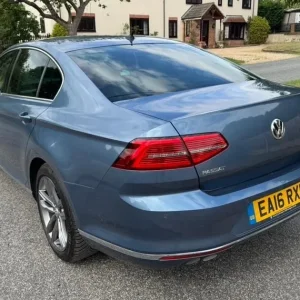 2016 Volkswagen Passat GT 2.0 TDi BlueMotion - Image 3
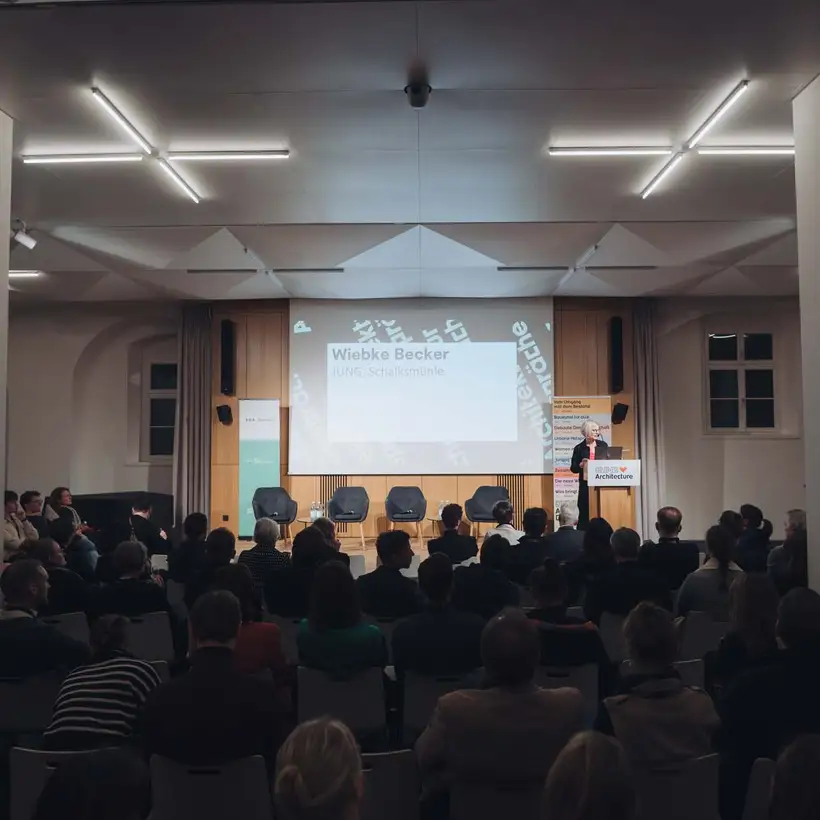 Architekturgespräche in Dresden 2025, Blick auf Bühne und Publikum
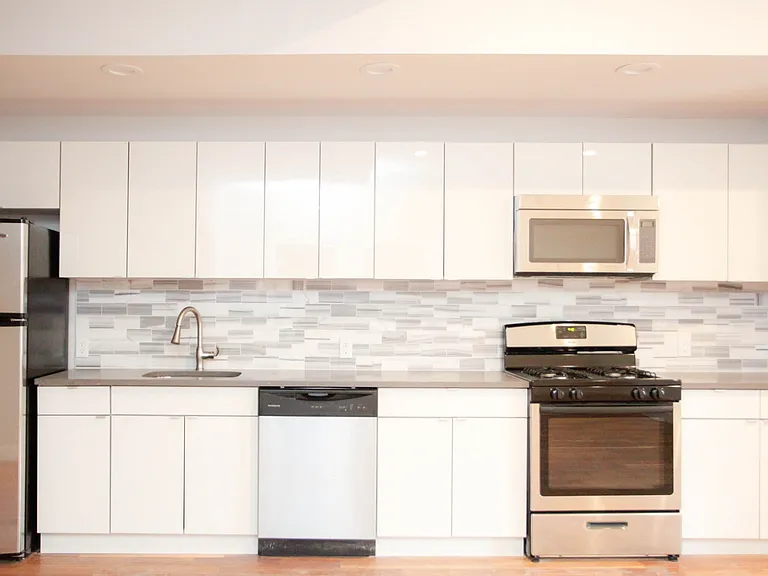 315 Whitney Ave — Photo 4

* * *

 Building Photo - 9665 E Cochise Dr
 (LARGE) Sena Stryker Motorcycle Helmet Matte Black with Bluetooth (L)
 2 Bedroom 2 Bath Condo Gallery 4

--

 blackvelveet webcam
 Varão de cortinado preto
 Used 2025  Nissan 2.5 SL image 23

→ **Task to complete**:
Exactly as written above, retype the lines starting at the one holding "Architekturgespräche in Dresden" and ending at the one holding "315 Whitney Ave — Photo 4", both included, but not the pictures.

→ **The answer**:
 Architekturgespräche in Dresden 2025, Blick auf Bühne und Publikum
 315 Whitney Ave — Photo 4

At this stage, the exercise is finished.